The New York Times reported this week that the Mark 1 nuclear reactors were developed in the 1960s by General Electric GE.

As far back as 1972, there were warnings that, if a Mark 1 reactor's cooling system failed, the fuel rods would overheat and, as a result, the primary containment vessel surrounding the reactor would burst, spilling radiation into the environment. That warning is dangerously close to becoming a premonition, with a containment vessel damaged at the Fukushima Daiichi nuclear plant in Japan.

Soon after GE began production of the Mark 1 reactors, American regulators began identifying weaknesses. Stephen H. Hanauer, then a safety official with the Atomic Energy Commission, said in 1972 that the Mark 1 system should be discontinued because, among other concerns, the smaller containment design is more susceptible to explosion and rupture from a buildup of hydrogen, which may be the case at Fukushima Daiichi.

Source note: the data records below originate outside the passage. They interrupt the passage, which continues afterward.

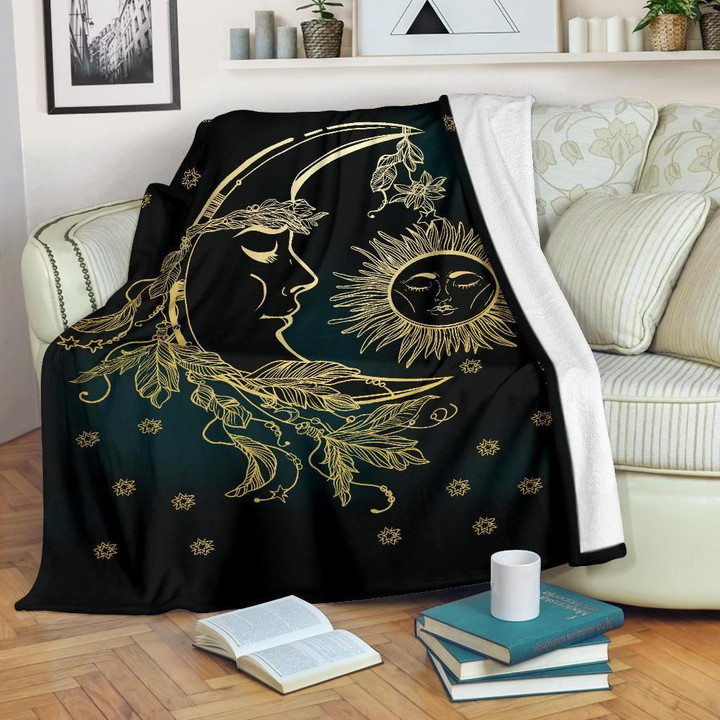 Celtic Wicca Sun & Moon Premium Blanket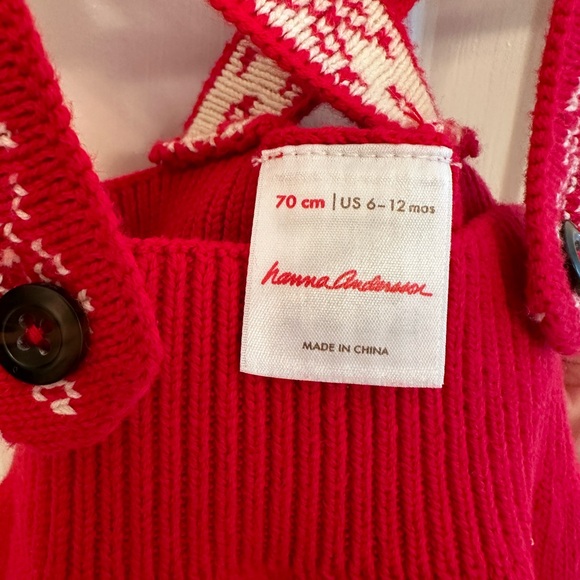 Hanna Andersson Baby Holiday Sweater Dress, Size 6-12 months - Picture 3 of 5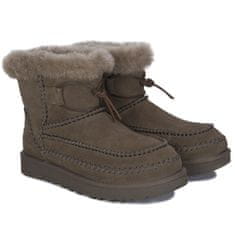 Ugg Australia Snežni škornji olivna 39 EU w Classic Mini Alpine Hickory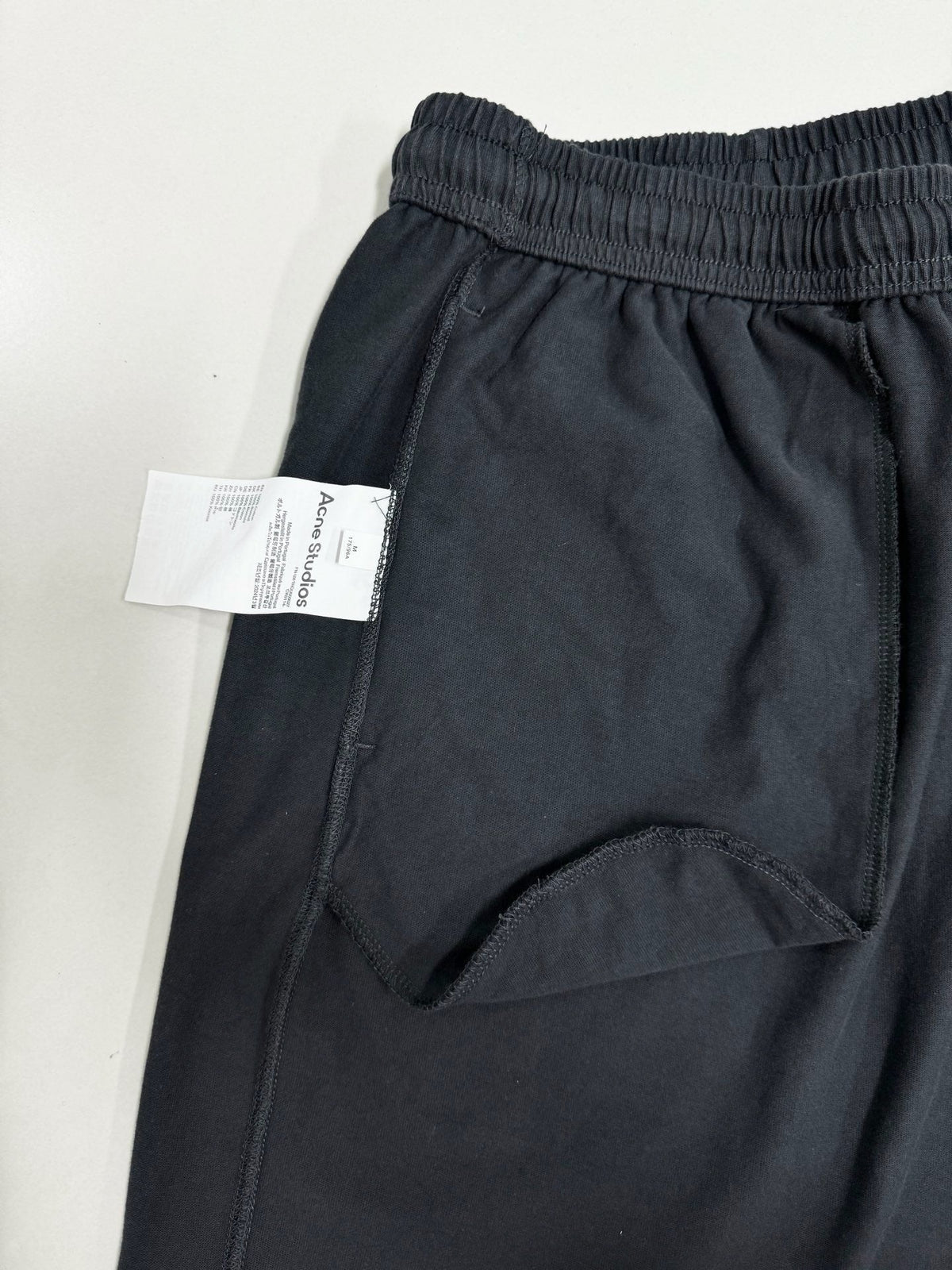 Black Cotton Elasticated Wide-Leg - Men's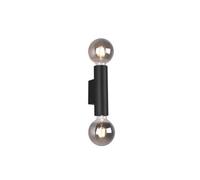 Luminosa Lighting Luminosa Vannes Modern 2 Light Up & Down Wall Lamp Black Matt - Uk Stock
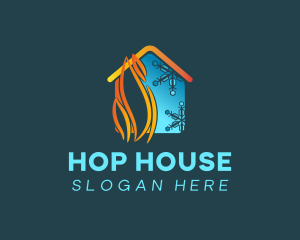 House Heating & Cooling logo design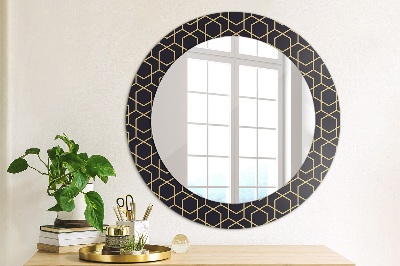 Round mirror decor Abstract geometric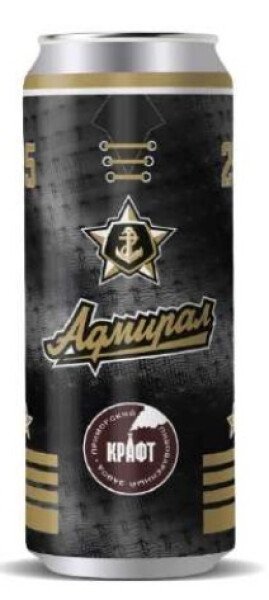 ПИВО АДМИРАЛ ТЕМНОЕ НЕФИЛЬТРОВАННОЕ 4,4% 0,45Л Ж/Б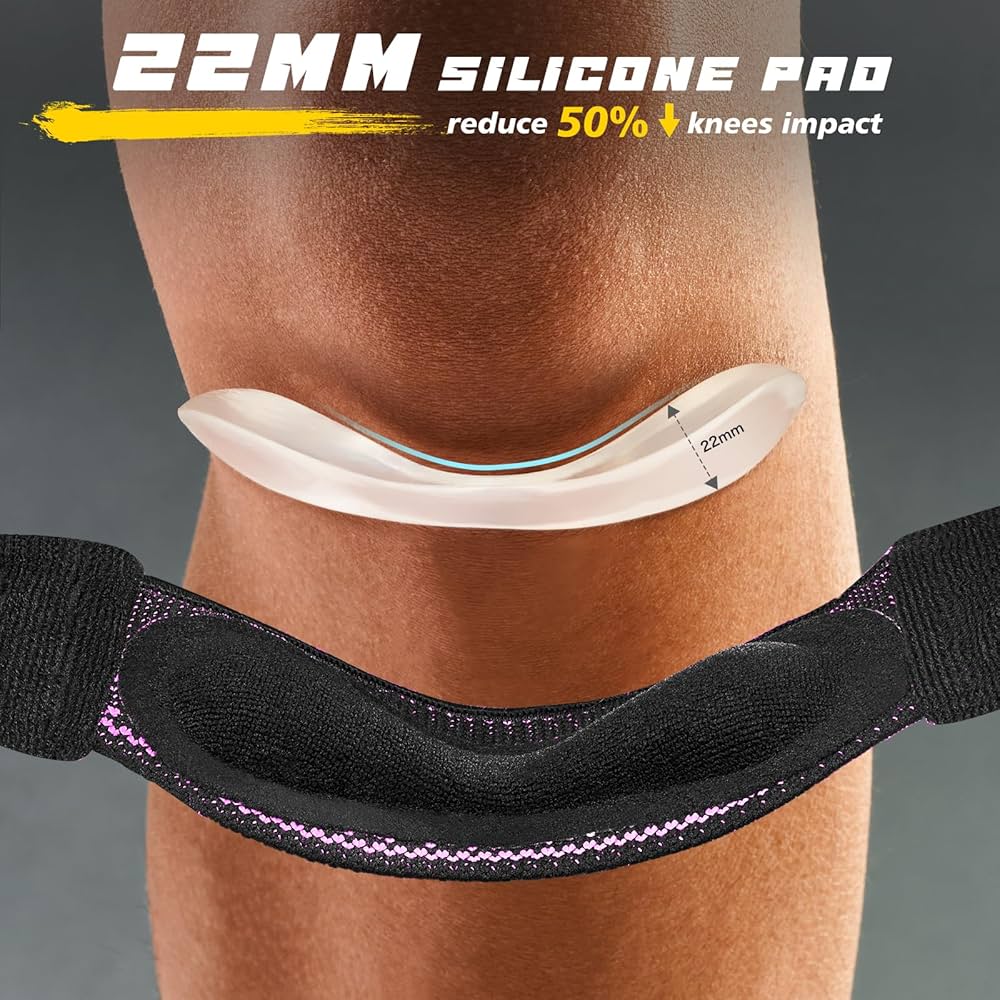 Amazon.co.jp: FREETOO 膝ブレース 膝蓋骨 膝ストラップ 3D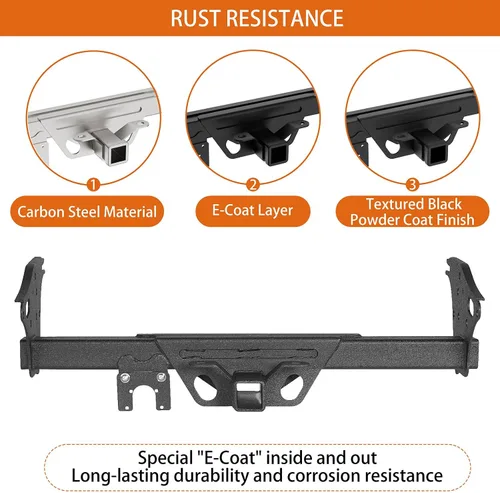 Vista 6 de Enganche de Remolque Hooke Road Tacoma Clase 3 Estándar de 2" Tubo Receptor Lengua de Remolque para Toyota Tacoma 2005-2015 (Excluyendo X-Runner)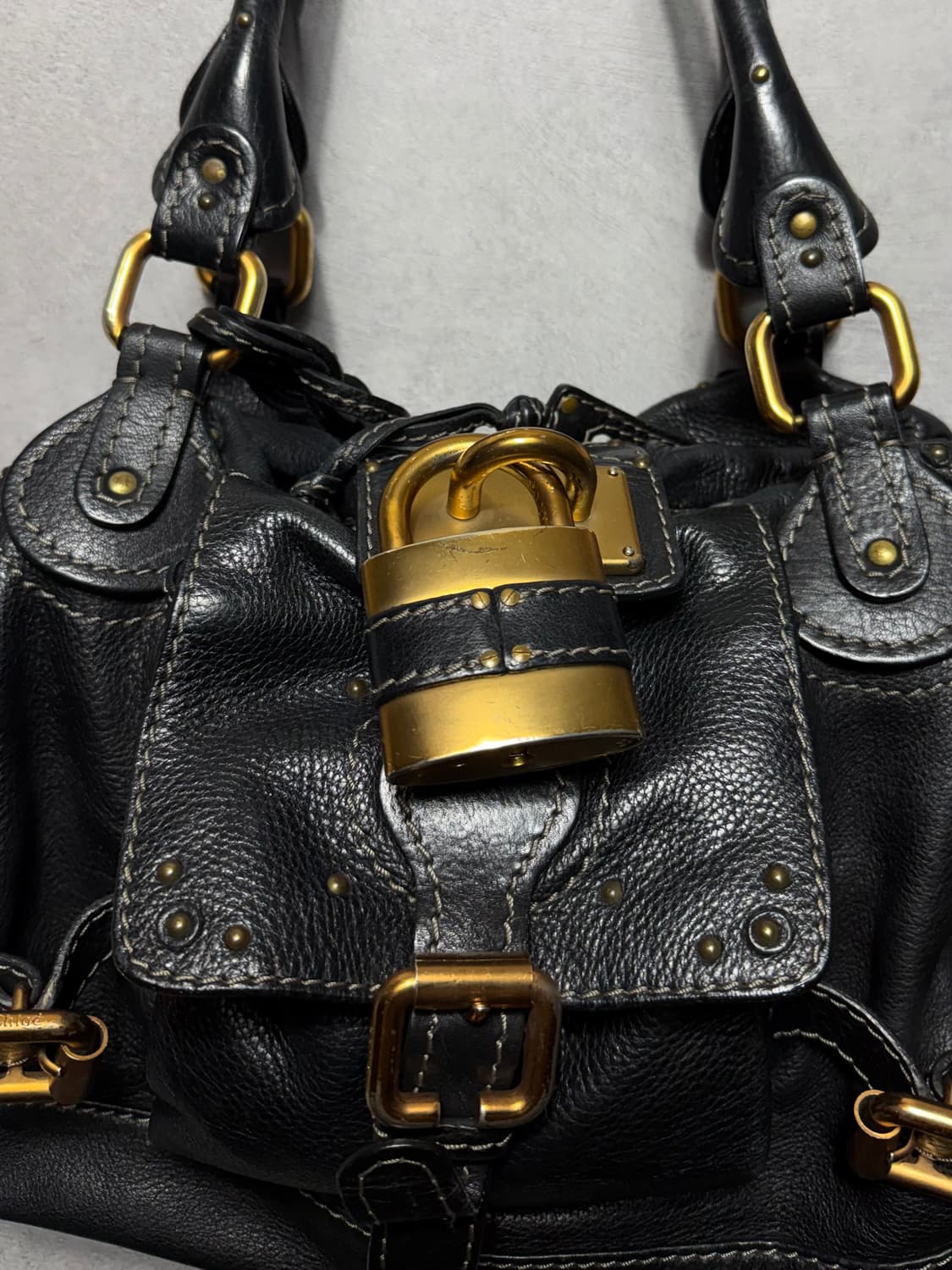 06SS 끌로에패딩턴 백 블랙 상품이미지5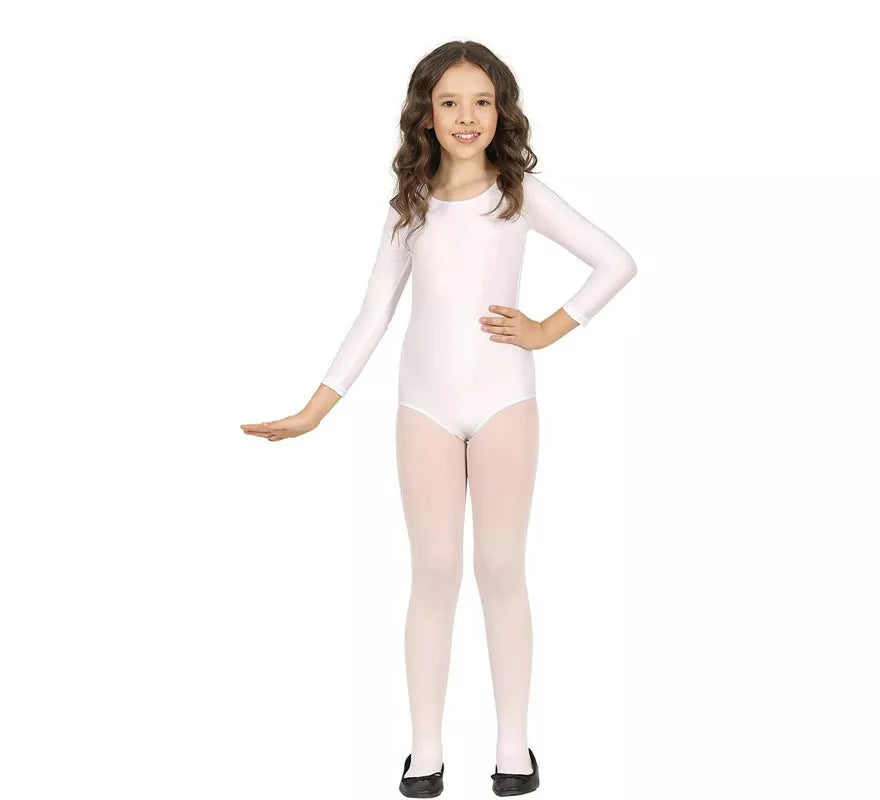 Translation missing: it.Body o Maillot Blanco manga larga para niños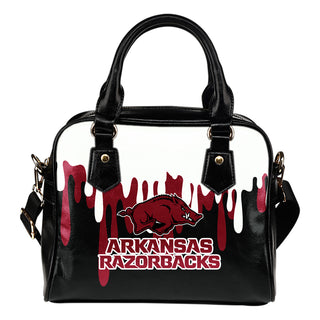 Color Leak Down Colorful Arkansas Razorbacks Shoulder Handbags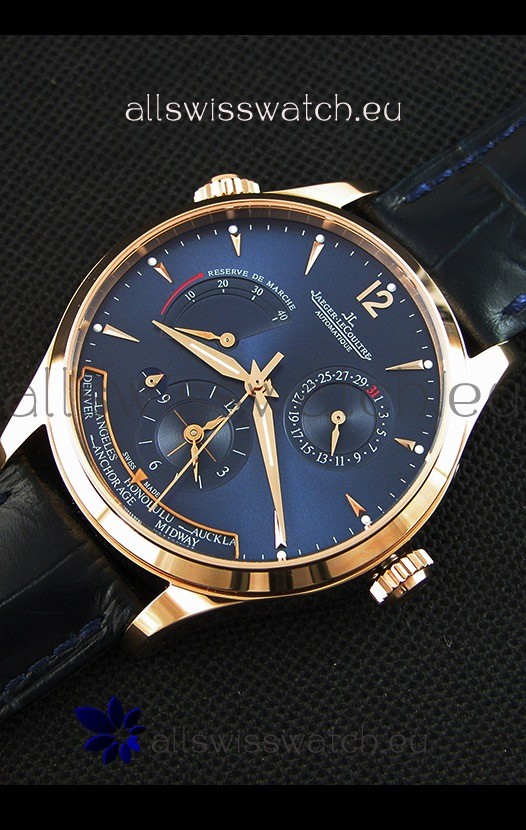 IMG_9086 Jaeger LeCoultre Master Geographic Power Reserve Pink Gold 3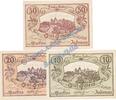 Notgeld AT 3 Scheine kpl. Judenau , Notgeld Set mit 3 Scheinen in kfr. K-K 420 Notgeld o.D. Österreich -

Also in 1972, Joseph HenGdry, who later became the chairman of the Nuclear Regulatory Commission, said that while the idea of banning Mark 1 systems was attractive, it could also spell “the end of nuclear power” due to the fact that the technology had become so widely accepted.

In the wake of the disaster in Japan, these words now seem ironic, with David Lochbaum, director of the Nuclear Safety Program at the Union for Concerned Scientists, saying in an email on Tuesday that, “Not banning them might be the end of nuclear power.”

In the late 1980s, Mark 1 reactors in the United States were retrofitted with venting systems to help ease pressure in overheating situations, after Harold Denton, an official with the Nuclear Regulatory Committee, said that Mark 1 reactors had a 90 percent probability of bursting if the fuel rods were to overheat and melt in an accident.

It is not known what, if any, modifications were made to the failing Mark 1 reactors in Japan, but the ongoing threat of radiation to the country's population is sure to raise the question of why 40-year-old warnings were all but ignored.